この楽曲に込められた想い、制作の経緯や過程、ツアーを完走目前としたまま停滞してしまっている現状について、本人に話を訊いた。
「大丈夫だよ」って一言を
――最近はどういった過ごし方をされてますか?
基本は曲作りしてましたね。それでも時間は余るし。あとはゲームしてみたり(笑)。人に言えるような大したことはほとんどしてないんですよ。でも、やっぱり心の奥にずっと不安があって、何をやってもネガティブになりがちで、それは今でも続いてる。そんな時、自分にとっての不安のはけ口が音楽だったので、ここで自分の想いみたいなものをちょっと書いてみようと思って、できあがったのが「We’ll be fine」でした。
――この自粛期間は音楽活動にどんな影響を?
初めてリモート・セッションみたいなことをやってみたんですけど、やっぱり自分にとってのセッションって、同じ空間でやることにすごく意味があったんだなって感じました。遠隔でのセッションだと少し違和感があって。

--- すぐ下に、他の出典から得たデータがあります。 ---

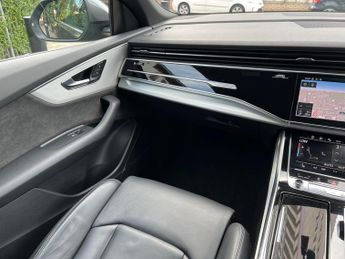Audi Q8 TFSI QUATTRO S LINE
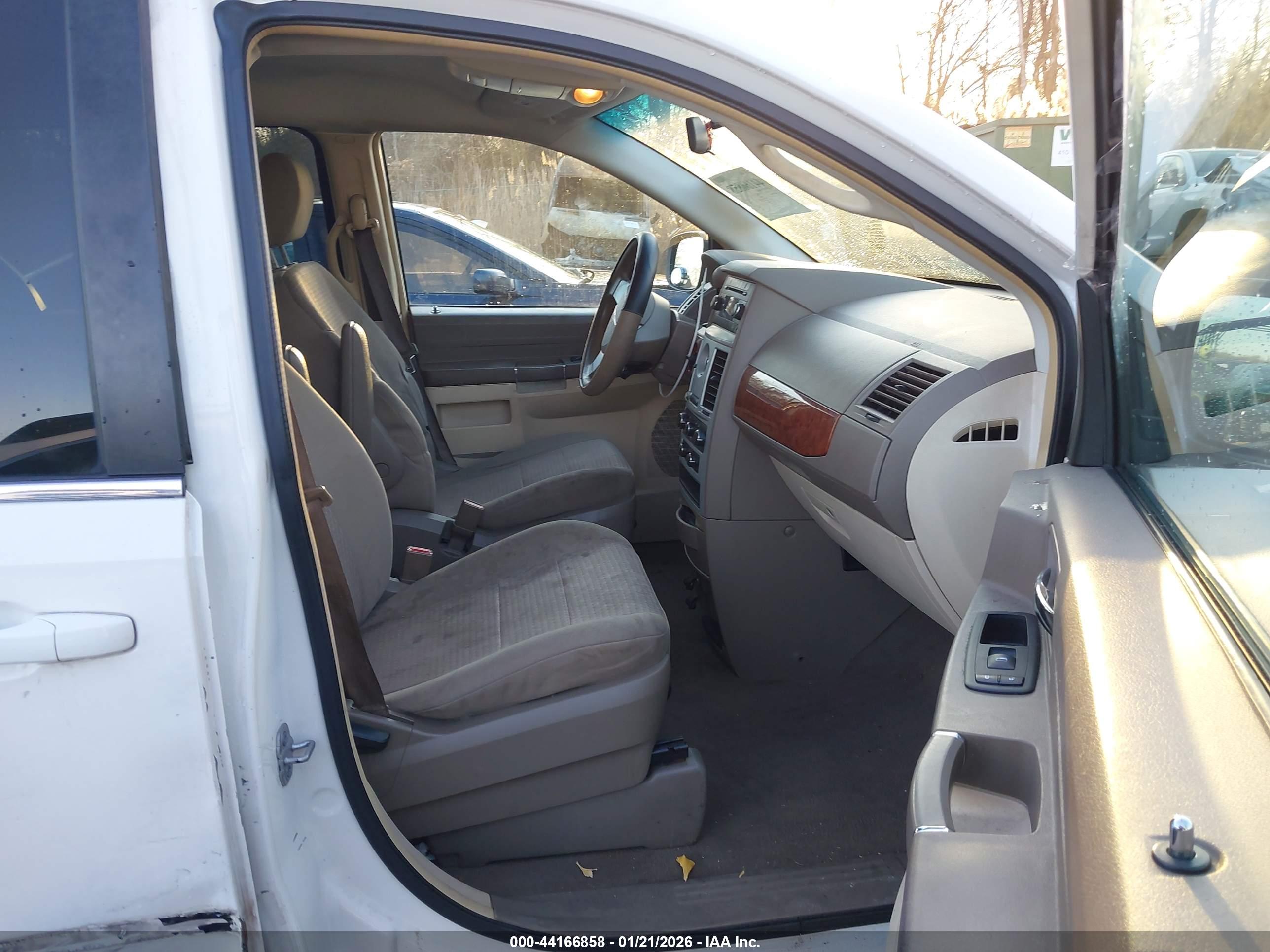 CHRYSLER TOWN image 5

――その一方で、星野源さんの「うちで踊ろう」のような、こういった状況だからこそ生まれたポジティブなムーブメントもありますよね。ReNさんも参加された「#うたつなぎ」もそうですし。
「#うたつなぎ」に関しては、実はやるかどうかずっと迷ってました。難しいことですけど、ああいうのはどんな意図でやるかどうかがすごく大切だなと思っていて。やらなきゃいけないからやるっていうことじゃないと思うし、こんな状況は前例がないから。自分の中でちゃんと腑に落ちれば、それはすごく意味のあることになるだろうし、観てくれる方々も楽しんでくれると思う。でも、何のためにやってるか分からないものを見る余裕なんて、今のみんなにはないと思うんですよね。

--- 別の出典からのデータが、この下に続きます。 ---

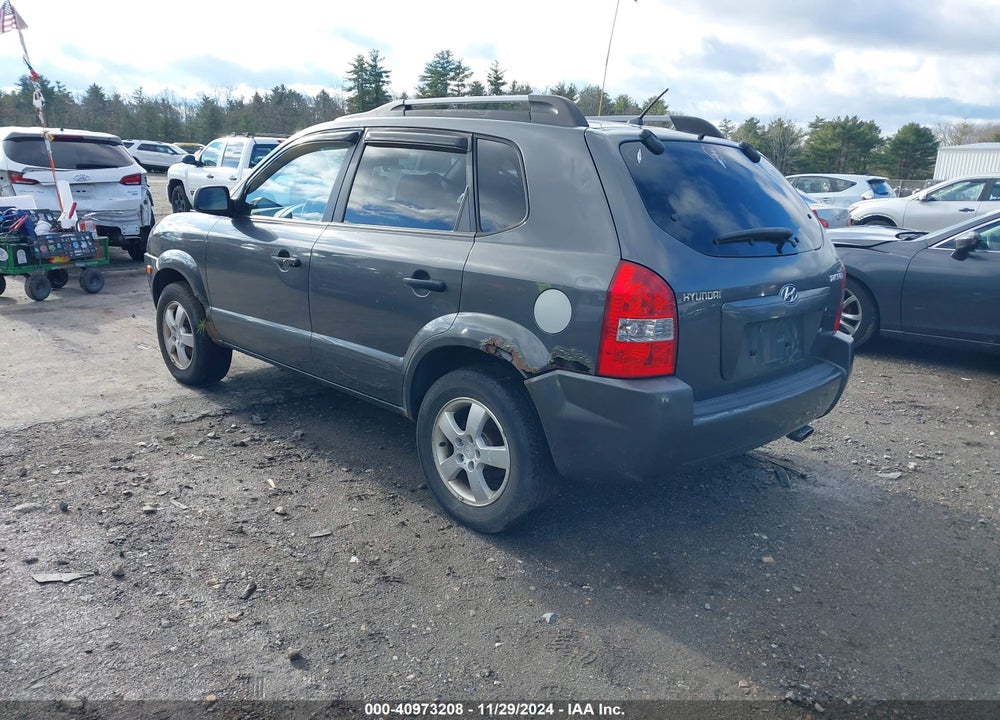 2007 HYUNDAI TUCSON GLS VIN: KM8JM12B87U564555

――それは今回の新曲「We’ll be fine」にも繋がる考え方だと思いますが、何か制作の発端になった出来事や思いがあったのですか?
自粛期間中、ほかにも色々な曲を書いてはいたんですけど、僕はあまり器用なタイプじゃないし、物事を同時進行でやるのが得意ではないので、楽曲制作中も世の中のことや今の自分の状況のことがちらちらと頭の中に常にあって、一度それを消化したいと思ったんですよ。
――ずっと喉に骨が刺さってるみたいな。
そうそう。
――今後ヘルシーに音楽を続けていくためにも、一度吐き出しておかないといけない気持ちがあったということですよね。

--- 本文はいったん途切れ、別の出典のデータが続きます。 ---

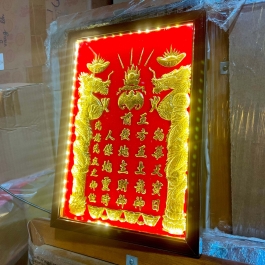 [23x30] Bài Vị Thần Tài Thổ Địa Dát Vàng Khung Gỗ Đen Nền Đỏ Kích Thước Ngang 23cm x Cao 30cm - Có Đèn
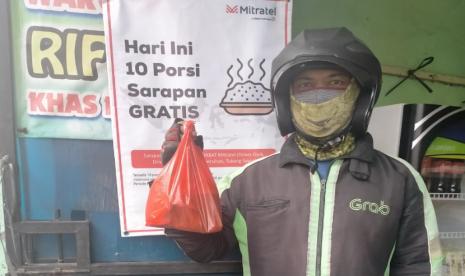 Program Sarapan Gratis untuk Sahabat Mitratel yang diluncurkan pada awal bulan April 2020 lalu menuai tanggapan positif dari berbagai pihak terutama dari para pekerja nonformal. 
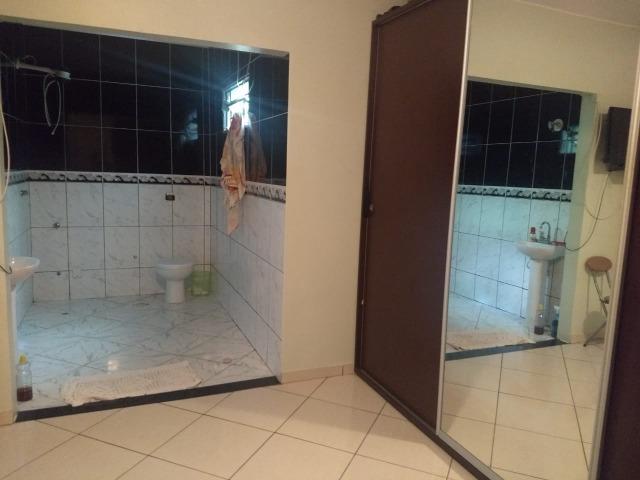 QS 16, 03 suítes, 04 salas, cozinha planejada, garagem pra 04 carros - Foto 20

「大丈夫だよ」って一言を言ってもらえる安心感ってあるよなと思って。「これがこうで」とかあれこれ言って「だから大丈夫なんだよ」って言ってもらうより、一言だけ添えて背中をポンって叩いてもらったほうが、素直に納得できたりポジティブになれたりするじゃないですか。そういう感じ方を一つ歌にしてみたいなって。
――反響はいかがですか?
曲の持つ力は伝わったのかなとは思いますね。今の状況だからこそかもしれないですけど、ポジティブに捉えてくれる人も多かったし。僕の歌は悲しい世界観を綴っているものも多いですけど、みんながこういう世界観も受け入れてくれたのがすごく嬉しいです。
――作曲はどのように進めていきましたか?
ピアノでメロディを組み立てていったんですけど、最初はもう少しバラードでした。それにギターを重ねて1コーラス分ぐらいまで作って、ある程度の世界観ができあがったあと、ピアノだけを抜いてみて、今度はこっちの方向性でどんなアレンジが合うだろうかって考えていきました。
――歌詞より曲が先?
完全に同時でしたね。ピアノでリフを弾いて、それと一緒にギターを弾きながら「果てしない暗闇の中」って歌い出しが出てきた時に「あ、もう見えてきた」って感じでした。
――そこからアレンジをどのように広げていったのでしょう?
去年リリースしたEP『Fallin'』に収録されている「Hot and Cold」もプロデュースしてくれたDave Badiukにデモを送ったら、色んなアイデアを返してくれて、それに自分でギターとピアノを混ぜながら作っていきました。
――そもそもどんなやり取りからスタートしたのでしょう?
お互いの近況について「今どんな感じ?」とか「ライブできないらしいな」みたいな話をしていた時、「曲を書いたんだけど、どういう世界観が見える?」って感じでデモを聴いてもらったら「めちゃくちゃいいじゃん」って言ってくれて。それからもう少しダイナミックな世界観というか、気持ちいいサウンドにしてみようってことで、ポジティブなフィード・バックももらえたので、一緒にアレンジも組み立てていきました。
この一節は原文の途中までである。